Holding Rookie Yearbook Two between the palms of your hands and idly flipping through its pages is a satisfying experience. The opening and closing papers contain autographs from some of Rookie’s bold-faced friends and contributors, like comedienne Julie Klausner, photographer Autumn de Wilde, and punk rock renaissance woman Carrie Brownstein; the book is printed on heavy matte-finish vellum paper, and the shifting, girly page backgrounds of quilts and textiles gives the book an inviting appearance. Tavi and her colleagues even included some pages to rip out, like a mini-tarot deck of photos from a photo shoot and a foldout of stickers for a build-your-own-shrine feature.
Writing this much about the appearance of a book—down to the card stock pages on which it was printed—might sound a note of foreboding that the images might outshine the words. Nothing could be further from the truth. Though Rookie’s graphic design, online and in print, will enchant readers, the content will engage them past the first glimmers of glamour.
In its digital form, Rookie publishes articles aimed at teenage girls about a variety of topics, both deadly serious and deeply silly, through a feminist lens. Their egalitarian philosophy about women’s rights can be summed up in bell hooks’s epigram: “feminism is for everybody.” The articles reprinted in Rookie Yearbook Two look at friendships among women (in a moving essay about Stevie Nicks and Christine McVie), dealing with racism through humor, and living with mental illness. The easy-to-parse language and straightforward, pragmatic perspective makes feminist issues accessible not just to its target audience, but to those whose definition of feminism is evolving and who are trying to parse out what they believe.

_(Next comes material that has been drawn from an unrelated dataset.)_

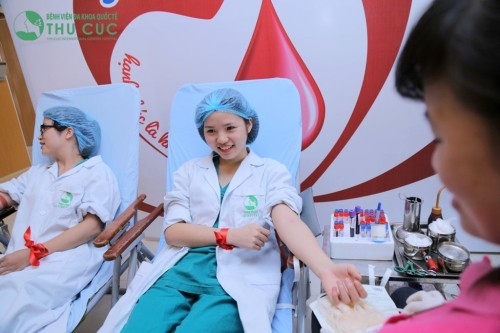 Hiến máu tình nguyện - Nghĩa cử cao đẹp, lợi cho mình tốt cho người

I found a series of essays about the trans* experience by the single-named writer Tyler especially interesting, because the experiences of trans* people can seem so foreign and not always easy to grasp. Tyler’s observations on hir transitioning and hir experiences on both sides of the male gaze, as well as on performing masculinity, made the trans* experience more understandable – Tyler put the readers in hir headspace in a really effective and heartbreaking way.
The feminist, genderqueer experience further informs the fashion shoots that punctuate the book’s essays. While the fashion industry has a reputation for a lack of body diversity and for exoticizing non-white and non-cisgender people, Rookie’s photo spreads celebrate the diversity of human appearance. The photo series “Me and You and Everyone We Know” features an array of genderqueer young people presenting themselves as they would like others to see them, in both words and pictures. Other spreads turn fashion on its head by presenting clothing and makeup that makes a statement instead of flattering the wearer or alluring the reader. (Zombie eye makeup and milky white contacts? Sure, why not.) Even in the more traditional photo spreads, Rookie celebrates every body and depicts Black and Asian models not as exotic and heavily ethnicized, but as girls you might want to emulate or even hang out with.

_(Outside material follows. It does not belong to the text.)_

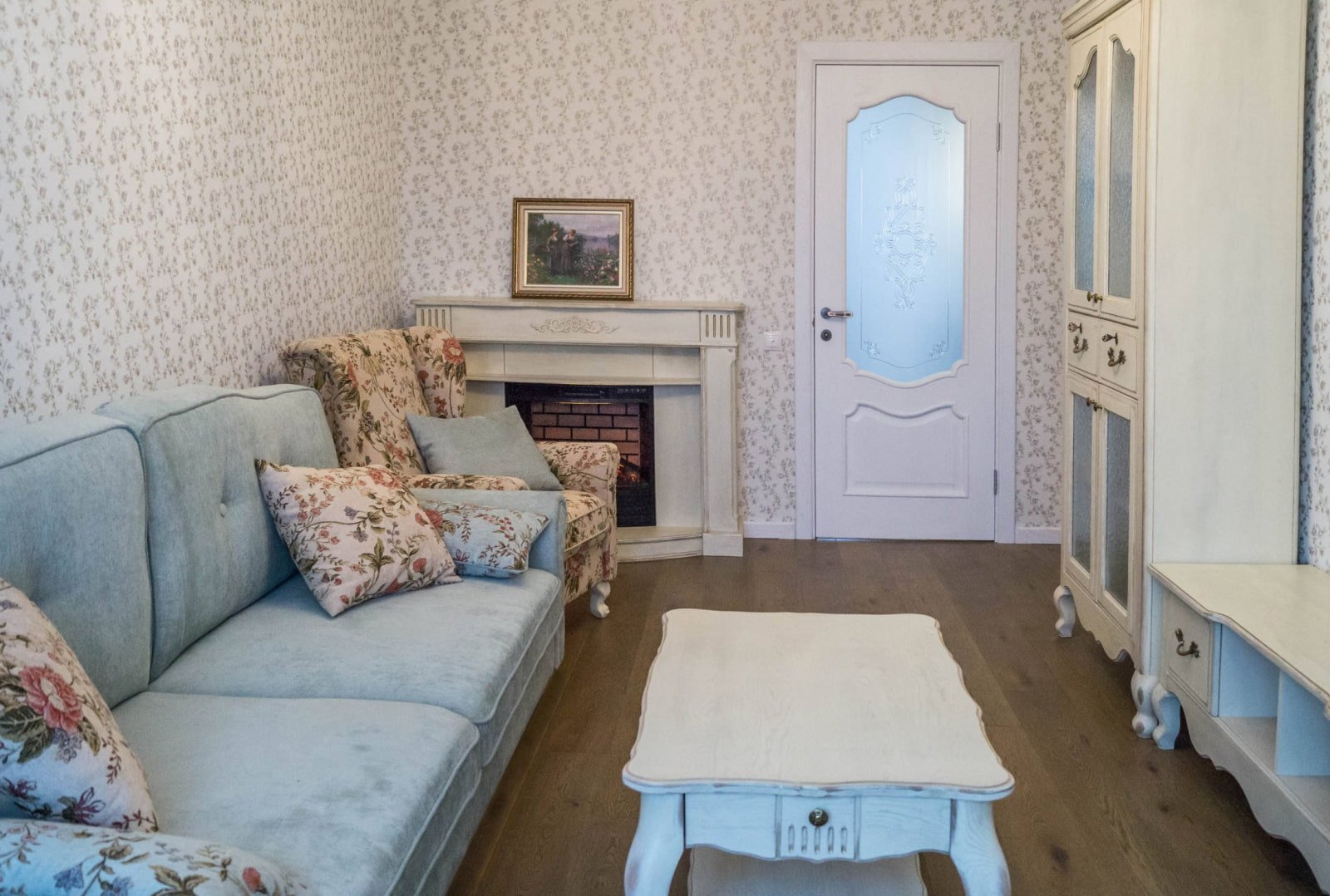 combinación de papel pintado con laminado y puertas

In addition to the stickers and cootie catcher, Rookie Yearbook Two features some exclusive content. Fans of Mindy Kaling and Lena Dunham will enjoy an interview between the two, and Judy Blume’s brief essay reveals some tantalizing new material about her forthcoming novel. A series of illustrations from electronica siren Grimes’s sketchbook provided the most interesting element of the bonus material.
Rookie Yearbook Two was published on October 1 via Drawn and Quarterly Press.